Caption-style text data
+---+
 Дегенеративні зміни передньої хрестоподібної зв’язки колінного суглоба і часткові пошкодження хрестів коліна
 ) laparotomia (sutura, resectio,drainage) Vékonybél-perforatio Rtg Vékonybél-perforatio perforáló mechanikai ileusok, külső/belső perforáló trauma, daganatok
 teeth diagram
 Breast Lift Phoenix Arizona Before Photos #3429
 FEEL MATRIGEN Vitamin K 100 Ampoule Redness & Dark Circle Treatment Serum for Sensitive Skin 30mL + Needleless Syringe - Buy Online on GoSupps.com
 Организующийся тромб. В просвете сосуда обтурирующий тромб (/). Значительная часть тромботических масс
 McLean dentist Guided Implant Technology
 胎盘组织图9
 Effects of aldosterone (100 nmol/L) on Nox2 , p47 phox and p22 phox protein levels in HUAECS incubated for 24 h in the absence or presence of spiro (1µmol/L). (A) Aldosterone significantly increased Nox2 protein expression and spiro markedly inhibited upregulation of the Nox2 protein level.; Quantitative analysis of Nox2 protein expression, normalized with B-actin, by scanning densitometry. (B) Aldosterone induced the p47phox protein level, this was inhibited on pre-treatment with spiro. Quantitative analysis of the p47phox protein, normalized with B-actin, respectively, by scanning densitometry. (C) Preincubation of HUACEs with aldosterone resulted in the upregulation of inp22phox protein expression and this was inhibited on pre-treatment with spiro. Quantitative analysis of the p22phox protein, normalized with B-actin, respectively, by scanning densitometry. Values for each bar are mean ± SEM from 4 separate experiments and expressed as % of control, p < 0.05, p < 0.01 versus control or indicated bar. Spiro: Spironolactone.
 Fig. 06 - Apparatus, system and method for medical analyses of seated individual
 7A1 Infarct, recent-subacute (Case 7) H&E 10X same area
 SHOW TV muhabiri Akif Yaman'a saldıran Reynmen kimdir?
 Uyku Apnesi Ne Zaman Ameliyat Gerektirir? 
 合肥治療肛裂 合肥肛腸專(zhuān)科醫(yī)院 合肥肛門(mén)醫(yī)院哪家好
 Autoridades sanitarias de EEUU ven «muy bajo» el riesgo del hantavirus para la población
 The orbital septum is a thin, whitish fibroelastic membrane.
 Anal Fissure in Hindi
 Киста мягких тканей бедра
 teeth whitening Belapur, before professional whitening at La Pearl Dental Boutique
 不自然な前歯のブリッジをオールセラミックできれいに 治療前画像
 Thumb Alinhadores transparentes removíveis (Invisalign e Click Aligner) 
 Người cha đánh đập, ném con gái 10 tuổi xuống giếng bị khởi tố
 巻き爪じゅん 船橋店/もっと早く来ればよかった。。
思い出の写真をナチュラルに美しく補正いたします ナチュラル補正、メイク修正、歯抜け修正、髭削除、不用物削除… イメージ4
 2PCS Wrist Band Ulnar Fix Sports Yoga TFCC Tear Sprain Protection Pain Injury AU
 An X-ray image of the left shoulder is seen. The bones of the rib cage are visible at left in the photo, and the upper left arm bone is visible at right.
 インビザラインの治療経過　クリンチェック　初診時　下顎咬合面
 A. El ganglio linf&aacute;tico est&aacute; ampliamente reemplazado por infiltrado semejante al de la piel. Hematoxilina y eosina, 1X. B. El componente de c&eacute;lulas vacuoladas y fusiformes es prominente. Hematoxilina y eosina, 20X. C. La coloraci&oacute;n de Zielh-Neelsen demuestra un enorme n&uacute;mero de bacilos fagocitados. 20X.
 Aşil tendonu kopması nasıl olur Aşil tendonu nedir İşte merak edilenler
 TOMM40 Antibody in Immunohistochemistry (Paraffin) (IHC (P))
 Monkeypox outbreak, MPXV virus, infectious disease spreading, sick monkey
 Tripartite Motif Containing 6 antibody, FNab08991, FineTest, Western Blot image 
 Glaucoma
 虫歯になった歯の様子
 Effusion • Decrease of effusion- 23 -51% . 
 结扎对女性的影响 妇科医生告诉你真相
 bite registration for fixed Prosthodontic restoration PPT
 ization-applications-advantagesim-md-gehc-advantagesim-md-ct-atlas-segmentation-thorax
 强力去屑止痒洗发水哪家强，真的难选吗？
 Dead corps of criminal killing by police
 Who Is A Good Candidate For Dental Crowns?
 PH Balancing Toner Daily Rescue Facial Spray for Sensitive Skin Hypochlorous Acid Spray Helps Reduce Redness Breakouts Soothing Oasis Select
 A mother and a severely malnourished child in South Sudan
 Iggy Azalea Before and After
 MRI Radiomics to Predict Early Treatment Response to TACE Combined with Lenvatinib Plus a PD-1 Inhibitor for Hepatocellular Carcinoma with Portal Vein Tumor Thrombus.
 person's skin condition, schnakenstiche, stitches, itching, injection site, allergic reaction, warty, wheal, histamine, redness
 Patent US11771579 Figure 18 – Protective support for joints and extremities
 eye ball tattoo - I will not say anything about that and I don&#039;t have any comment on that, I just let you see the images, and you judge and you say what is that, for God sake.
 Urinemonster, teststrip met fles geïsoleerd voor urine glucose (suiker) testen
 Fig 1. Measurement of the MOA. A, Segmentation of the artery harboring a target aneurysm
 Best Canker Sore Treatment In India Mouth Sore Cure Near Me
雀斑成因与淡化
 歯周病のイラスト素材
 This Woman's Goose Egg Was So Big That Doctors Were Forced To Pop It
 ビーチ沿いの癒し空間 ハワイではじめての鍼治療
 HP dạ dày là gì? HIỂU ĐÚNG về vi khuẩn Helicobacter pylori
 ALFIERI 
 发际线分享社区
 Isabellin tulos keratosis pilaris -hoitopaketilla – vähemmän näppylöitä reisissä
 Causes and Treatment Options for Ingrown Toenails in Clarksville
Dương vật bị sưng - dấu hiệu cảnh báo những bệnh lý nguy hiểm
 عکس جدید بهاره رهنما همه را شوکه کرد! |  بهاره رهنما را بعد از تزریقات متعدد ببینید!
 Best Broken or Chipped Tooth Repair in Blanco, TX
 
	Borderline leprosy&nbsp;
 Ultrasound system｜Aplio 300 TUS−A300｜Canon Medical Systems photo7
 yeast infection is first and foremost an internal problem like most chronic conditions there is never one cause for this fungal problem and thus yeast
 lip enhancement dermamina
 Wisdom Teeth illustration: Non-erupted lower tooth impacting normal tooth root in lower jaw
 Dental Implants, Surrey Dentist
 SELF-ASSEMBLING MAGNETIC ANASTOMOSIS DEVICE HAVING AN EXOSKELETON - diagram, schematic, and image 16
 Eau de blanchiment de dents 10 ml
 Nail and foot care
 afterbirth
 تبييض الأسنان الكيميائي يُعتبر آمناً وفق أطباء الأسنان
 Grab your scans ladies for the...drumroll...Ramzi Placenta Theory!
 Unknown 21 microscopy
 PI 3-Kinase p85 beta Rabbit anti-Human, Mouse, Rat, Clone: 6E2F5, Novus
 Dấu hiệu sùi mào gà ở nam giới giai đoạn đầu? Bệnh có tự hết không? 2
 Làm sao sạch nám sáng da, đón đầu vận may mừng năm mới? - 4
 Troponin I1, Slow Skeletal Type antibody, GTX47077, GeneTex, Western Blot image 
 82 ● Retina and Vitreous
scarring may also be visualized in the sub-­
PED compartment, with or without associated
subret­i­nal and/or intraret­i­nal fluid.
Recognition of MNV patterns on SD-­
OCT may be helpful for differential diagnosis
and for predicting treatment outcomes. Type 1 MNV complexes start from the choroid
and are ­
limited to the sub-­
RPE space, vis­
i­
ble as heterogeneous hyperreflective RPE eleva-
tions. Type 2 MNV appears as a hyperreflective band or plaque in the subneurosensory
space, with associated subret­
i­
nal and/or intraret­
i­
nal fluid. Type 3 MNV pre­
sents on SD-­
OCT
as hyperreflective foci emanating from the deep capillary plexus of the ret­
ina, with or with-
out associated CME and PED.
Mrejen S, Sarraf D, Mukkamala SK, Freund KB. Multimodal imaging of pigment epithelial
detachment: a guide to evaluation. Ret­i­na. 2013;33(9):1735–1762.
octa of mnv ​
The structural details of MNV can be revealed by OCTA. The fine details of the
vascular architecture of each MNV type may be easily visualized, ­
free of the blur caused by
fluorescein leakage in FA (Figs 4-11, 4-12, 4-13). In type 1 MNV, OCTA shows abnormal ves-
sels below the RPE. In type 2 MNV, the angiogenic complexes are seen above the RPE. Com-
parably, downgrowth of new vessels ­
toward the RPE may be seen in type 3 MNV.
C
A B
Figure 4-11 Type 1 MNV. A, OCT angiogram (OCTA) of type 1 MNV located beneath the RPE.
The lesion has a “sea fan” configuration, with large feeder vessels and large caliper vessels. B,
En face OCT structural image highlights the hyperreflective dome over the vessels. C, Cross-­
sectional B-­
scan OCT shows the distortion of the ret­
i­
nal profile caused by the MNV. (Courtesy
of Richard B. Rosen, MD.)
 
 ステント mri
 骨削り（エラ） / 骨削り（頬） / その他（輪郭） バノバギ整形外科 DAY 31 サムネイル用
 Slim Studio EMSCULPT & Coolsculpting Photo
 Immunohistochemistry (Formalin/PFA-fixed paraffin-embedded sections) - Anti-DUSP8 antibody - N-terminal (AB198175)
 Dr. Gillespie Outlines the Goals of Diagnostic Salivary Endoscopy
+---+
Exercise | Where a line of the records contains the word "Western", copy that line.

Answer to this problem |
 Tripartite Motif Containing 6 antibody, FNab08991, FineTest, Western Blot image 
 Troponin I1, Slow Skeletal Type antibody, GTX47077, GeneTex, Western Blot image 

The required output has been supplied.